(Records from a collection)
★ ★ ★ ★ ★ ★ ★
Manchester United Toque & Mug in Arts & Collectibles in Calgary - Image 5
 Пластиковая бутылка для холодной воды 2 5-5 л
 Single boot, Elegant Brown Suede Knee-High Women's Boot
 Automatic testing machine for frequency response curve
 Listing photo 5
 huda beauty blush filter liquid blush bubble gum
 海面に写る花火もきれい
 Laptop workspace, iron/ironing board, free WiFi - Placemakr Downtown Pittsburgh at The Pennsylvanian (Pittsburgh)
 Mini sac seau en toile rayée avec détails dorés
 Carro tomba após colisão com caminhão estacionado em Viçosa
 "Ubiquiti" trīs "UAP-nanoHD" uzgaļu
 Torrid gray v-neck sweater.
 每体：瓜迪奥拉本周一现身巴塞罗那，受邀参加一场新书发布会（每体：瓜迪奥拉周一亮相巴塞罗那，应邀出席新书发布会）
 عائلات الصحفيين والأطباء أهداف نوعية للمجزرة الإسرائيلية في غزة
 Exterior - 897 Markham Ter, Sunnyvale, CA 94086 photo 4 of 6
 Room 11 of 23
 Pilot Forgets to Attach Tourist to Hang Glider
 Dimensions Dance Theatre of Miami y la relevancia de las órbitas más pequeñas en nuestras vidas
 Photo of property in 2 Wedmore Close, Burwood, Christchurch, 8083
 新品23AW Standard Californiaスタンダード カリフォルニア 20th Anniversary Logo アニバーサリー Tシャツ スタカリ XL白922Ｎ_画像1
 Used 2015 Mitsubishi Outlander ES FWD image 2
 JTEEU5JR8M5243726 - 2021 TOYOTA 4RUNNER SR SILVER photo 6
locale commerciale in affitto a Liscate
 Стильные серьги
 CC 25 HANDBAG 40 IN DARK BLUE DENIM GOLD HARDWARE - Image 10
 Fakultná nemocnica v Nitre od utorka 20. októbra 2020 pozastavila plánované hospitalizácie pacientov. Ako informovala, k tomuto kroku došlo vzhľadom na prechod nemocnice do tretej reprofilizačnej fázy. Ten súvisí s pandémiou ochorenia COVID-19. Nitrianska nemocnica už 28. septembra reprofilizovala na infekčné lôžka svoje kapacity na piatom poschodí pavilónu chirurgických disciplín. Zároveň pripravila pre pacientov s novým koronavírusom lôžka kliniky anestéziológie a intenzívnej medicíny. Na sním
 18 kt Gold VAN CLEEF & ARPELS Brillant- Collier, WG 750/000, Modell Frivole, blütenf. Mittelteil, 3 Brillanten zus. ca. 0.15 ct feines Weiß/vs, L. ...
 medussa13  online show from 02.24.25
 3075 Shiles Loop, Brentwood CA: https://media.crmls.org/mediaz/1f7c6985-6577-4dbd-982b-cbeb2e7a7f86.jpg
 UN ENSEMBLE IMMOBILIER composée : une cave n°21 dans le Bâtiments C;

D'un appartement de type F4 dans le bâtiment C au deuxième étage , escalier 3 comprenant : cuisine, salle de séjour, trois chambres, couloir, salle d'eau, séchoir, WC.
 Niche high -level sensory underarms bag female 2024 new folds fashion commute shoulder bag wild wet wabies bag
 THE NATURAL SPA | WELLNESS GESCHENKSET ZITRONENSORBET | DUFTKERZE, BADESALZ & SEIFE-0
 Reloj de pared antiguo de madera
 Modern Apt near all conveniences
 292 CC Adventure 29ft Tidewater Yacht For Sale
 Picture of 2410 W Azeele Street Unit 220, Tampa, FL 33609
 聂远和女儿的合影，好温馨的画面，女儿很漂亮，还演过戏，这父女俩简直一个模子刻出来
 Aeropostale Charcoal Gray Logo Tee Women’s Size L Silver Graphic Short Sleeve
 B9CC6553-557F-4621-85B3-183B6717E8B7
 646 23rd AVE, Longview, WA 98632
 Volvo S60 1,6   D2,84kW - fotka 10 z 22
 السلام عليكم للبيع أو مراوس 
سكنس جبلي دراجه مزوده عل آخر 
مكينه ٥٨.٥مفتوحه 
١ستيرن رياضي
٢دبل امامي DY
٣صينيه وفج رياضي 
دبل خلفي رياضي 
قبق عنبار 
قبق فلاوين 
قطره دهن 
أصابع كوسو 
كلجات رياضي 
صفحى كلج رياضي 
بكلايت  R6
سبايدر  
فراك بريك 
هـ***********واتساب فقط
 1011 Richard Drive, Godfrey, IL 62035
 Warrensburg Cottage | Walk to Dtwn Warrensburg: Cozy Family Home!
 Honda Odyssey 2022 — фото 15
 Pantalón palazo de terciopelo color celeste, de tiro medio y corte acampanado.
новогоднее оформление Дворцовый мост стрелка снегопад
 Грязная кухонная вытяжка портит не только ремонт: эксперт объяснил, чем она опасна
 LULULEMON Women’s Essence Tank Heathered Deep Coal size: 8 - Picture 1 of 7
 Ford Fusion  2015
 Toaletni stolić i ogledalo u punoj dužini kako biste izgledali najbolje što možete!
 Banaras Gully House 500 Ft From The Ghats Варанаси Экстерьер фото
★ ★ ★ ★ ★ ★ ★
- **WHAT YOU NEED TO DO**
The records above, in their entirety, need to be set down again exactly.

- **TASK SOLUTION**
Manchester United Toque & Mug in Arts & Collectibles in Calgary - Image 5
 Пластиковая бутылка для холодной воды 2 5-5 л
 Single boot, Elegant Brown Suede Knee-High Women's Boot
 Automatic testing machine for frequency response curve
 Listing photo 5
 huda beauty blush filter liquid blush bubble gum
 海面に写る花火もきれい
 Laptop workspace, iron/ironing board, free WiFi - Placemakr Downtown Pittsburgh at The Pennsylvanian (Pittsburgh)
 Mini sac seau en toile rayée avec détails dorés
 Carro tomba após colisão com caminhão estacionado em Viçosa
 "Ubiquiti" trīs "UAP-nanoHD" uzgaļu
 Torrid gray v-neck sweater.
 每体：瓜迪奥拉本周一现身巴塞罗那，受邀参加一场新书发布会（每体：瓜迪奥拉周一亮相巴塞罗那，应邀出席新书发布会）
 عائلات الصحفيين والأطباء أهداف نوعية للمجزرة الإسرائيلية في غزة
 Exterior - 897 Markham Ter, Sunnyvale, CA 94086 photo 4 of 6
 Room 11 of 23
 Pilot Forgets to Attach Tourist to Hang Glider
 Dimensions Dance Theatre of Miami y la relevancia de las órbitas más pequeñas en nuestras vidas
 Photo of property in 2 Wedmore Close, Burwood, Christchurch, 8083
 新品23AW Standard Californiaスタンダード カリフォルニア 20th Anniversary Logo アニバーサリー Tシャツ スタカリ XL白922Ｎ_画像1
 Used 2015 Mitsubishi Outlander ES FWD image 2
 JTEEU5JR8M5243726 - 2021 TOYOTA 4RUNNER SR SILVER photo 6
locale commerciale in affitto a Liscate
 Стильные серьги
 CC 25 HANDBAG 40 IN DARK BLUE DENIM GOLD HARDWARE - Image 10
 Fakultná nemocnica v Nitre od utorka 20. októbra 2020 pozastavila plánované hospitalizácie pacientov. Ako informovala, k tomuto kroku došlo vzhľadom na prechod nemocnice do tretej reprofilizačnej fázy. Ten súvisí s pandémiou ochorenia COVID-19. Nitrianska nemocnica už 28. septembra reprofilizovala na infekčné lôžka svoje kapacity na piatom poschodí pavilónu chirurgických disciplín. Zároveň pripravila pre pacientov s novým koronavírusom lôžka kliniky anestéziológie a intenzívnej medicíny. Na sním
 18 kt Gold VAN CLEEF & ARPELS Brillant- Collier, WG 750/000, Modell Frivole, blütenf. Mittelteil, 3 Brillanten zus. ca. 0.15 ct feines Weiß/vs, L. ...
 medussa13  online show from 02.24.25
 3075 Shiles Loop, Brentwood CA: https://media.crmls.org/mediaz/1f7c6985-6577-4dbd-982b-cbeb2e7a7f86.jpg
 UN ENSEMBLE IMMOBILIER composée : une cave n°21 dans le Bâtiments C;

D'un appartement de type F4 dans le bâtiment C au deuxième étage , escalier 3 comprenant : cuisine, salle de séjour, trois chambres, couloir, salle d'eau, séchoir, WC.
 Niche high -level sensory underarms bag female 2024 new folds fashion commute shoulder bag wild wet wabies bag
 THE NATURAL SPA | WELLNESS GESCHENKSET ZITRONENSORBET | DUFTKERZE, BADESALZ & SEIFE-0
 Reloj de pared antiguo de madera
 Modern Apt near all conveniences
 292 CC Adventure 29ft Tidewater Yacht For Sale
 Picture of 2410 W Azeele Street Unit 220, Tampa, FL 33609
 聂远和女儿的合影，好温馨的画面，女儿很漂亮，还演过戏，这父女俩简直一个模子刻出来
 Aeropostale Charcoal Gray Logo Tee Women’s Size L Silver Graphic Short Sleeve
 B9CC6553-557F-4621-85B3-183B6717E8B7
 646 23rd AVE, Longview, WA 98632
 Volvo S60 1,6   D2,84kW - fotka 10 z 22
 السلام عليكم للبيع أو مراوس 
سكنس جبلي دراجه مزوده عل آخر 
مكينه ٥٨.٥مفتوحه 
١ستيرن رياضي
٢دبل امامي DY
٣صينيه وفج رياضي 
دبل خلفي رياضي 
قبق عنبار 
قبق فلاوين 
قطره دهن 
أصابع كوسو 
كلجات رياضي 
صفحى كلج رياضي 
بكلايت  R6
سبايدر  
فراك بريك 
هـ***********واتساب فقط
 1011 Richard Drive, Godfrey, IL 62035
 Warrensburg Cottage | Walk to Dtwn Warrensburg: Cozy Family Home!
 Honda Odyssey 2022 — фото 15
 Pantalón palazo de terciopelo color celeste, de tiro medio y corte acampanado.
новогоднее оформление Дворцовый мост стрелка снегопад
 Грязная кухонная вытяжка портит не только ремонт: эксперт объяснил, чем она опасна
 LULULEMON Women’s Essence Tank Heathered Deep Coal size: 8 - Picture 1 of 7
 Ford Fusion  2015
 Toaletni stolić i ogledalo u punoj dužini kako biste izgledali najbolje što možete!
 Banaras Gully House 500 Ft From The Ghats Варанаси Экстерьер фото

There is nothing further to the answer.